Equation [eq:general] appears to require at least three \operatorname{msign} calculations, and the inputs for the latter two \operatorname{msign} operations depend on the result of the first \operatorname{msign}, making it a nested \operatorname{msign} form. When we set \alpha=0, \beta=1, the number of \operatorname{msign} operations can be reduced to two: \begin{equation} \operatorname{mclip}(\boldsymbol{M}) = \frac{1}{2}\Big[\boldsymbol{M} + \operatorname{msign}(\boldsymbol{M}) + (\boldsymbol{I} - \boldsymbol{M}\operatorname{msign}(\boldsymbol{M})^{\top}) \operatorname{msign}(\boldsymbol{M} - \operatorname{msign}(\boldsymbol{M}))\Big] \label{eq:mclip-1} \end{equation} This is the result I provided in the previous article.
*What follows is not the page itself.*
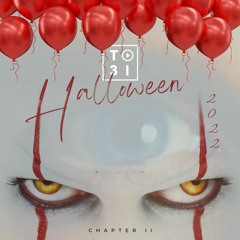 TO3I's Halloween Chapter II - 2022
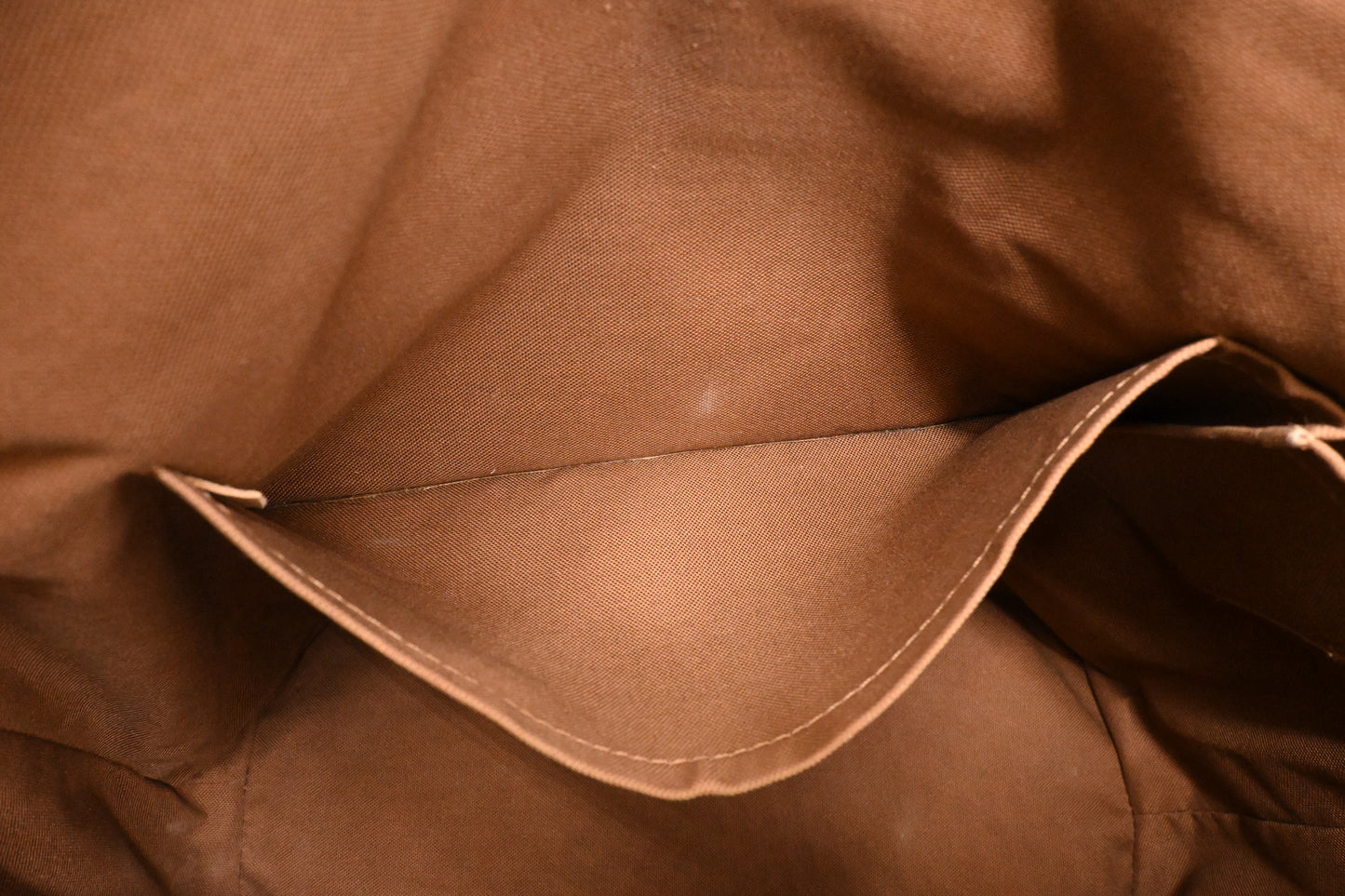 Louis Vuitton Palermo GM in Monogram Canvas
It only requires two \operatorname{msign} operations.

However, empirical tests show that when the singular values of \boldsymbol{M} are large and the precision of the \operatorname{msign} calculation is low, this formula produces significant errors, much larger than the scheme provided by @leloykun. But @leloykun’s scheme requires calculating \operatorname{msign} for a matrix approximately four times the size, \begin{bmatrix}\boldsymbol{I} & \boldsymbol{M} \\ \boldsymbol{M}^{\top} & \boldsymbol{I}\end{bmatrix}, which is costly. Therefore, I wanted to see if there was room for improvement in this scheme.

Removing Nesting

Intuitively, the source of the error is the cumulative error caused by nested \operatorname{msign} operations. Thus, I tried to find a way to remove the nesting. Fortunately, using a simple trick, the nesting can indeed be removed!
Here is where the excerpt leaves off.